Start of Recorded information

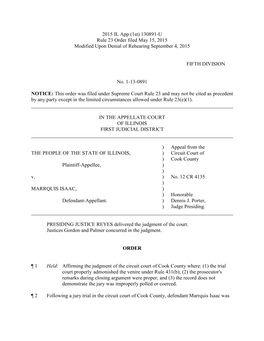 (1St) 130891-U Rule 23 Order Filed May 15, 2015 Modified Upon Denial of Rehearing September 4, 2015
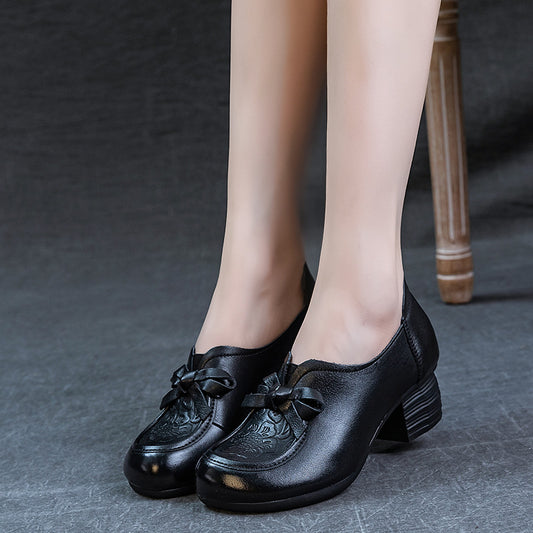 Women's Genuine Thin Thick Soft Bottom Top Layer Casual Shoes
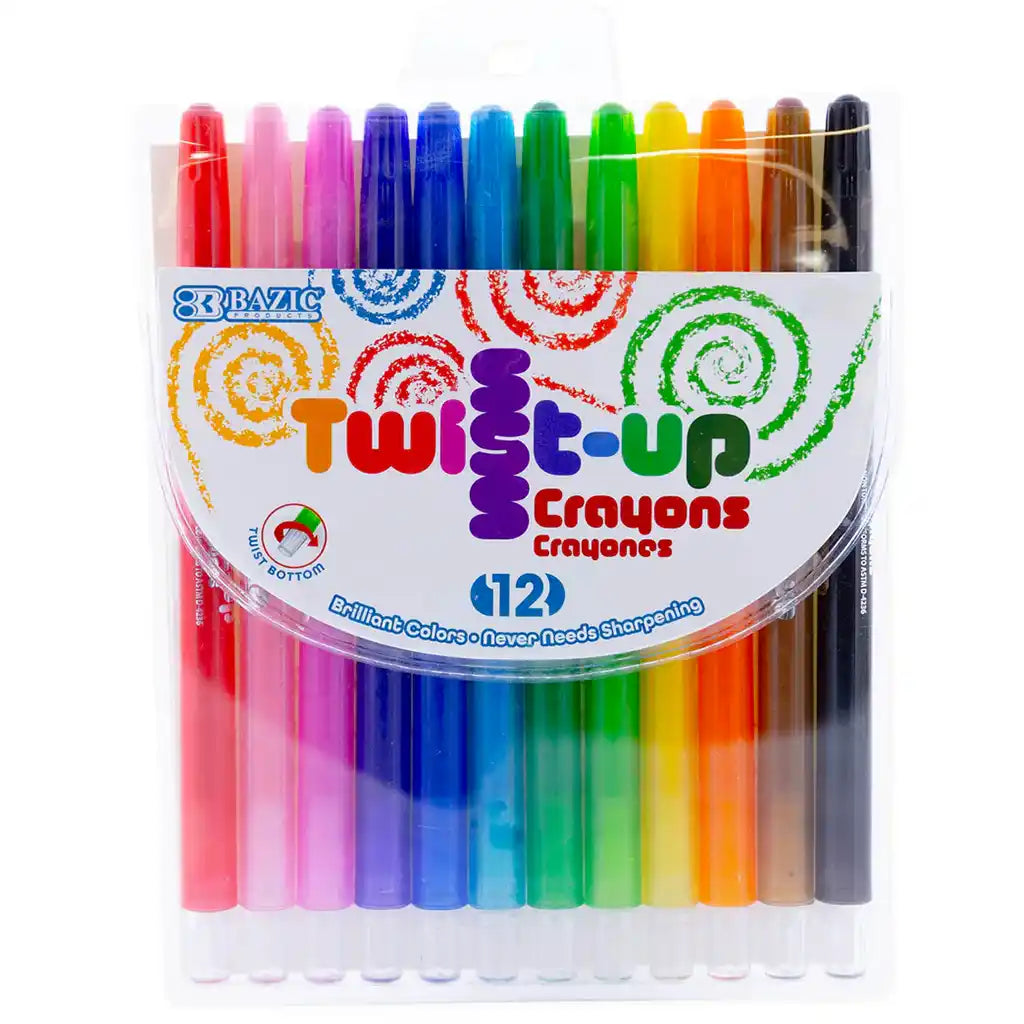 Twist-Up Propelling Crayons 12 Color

End of Recorded information

Return every line above word for word, minus images.

 (1St) 130891-U Rule 23 Order Filed May 15, 2015 Modified Upon Denial of Rehearing September 4, 2015
 Women's Genuine Thin Thick Soft Bottom Top Layer Casual Shoes
 Twist-Up Propelling Crayons 12 Color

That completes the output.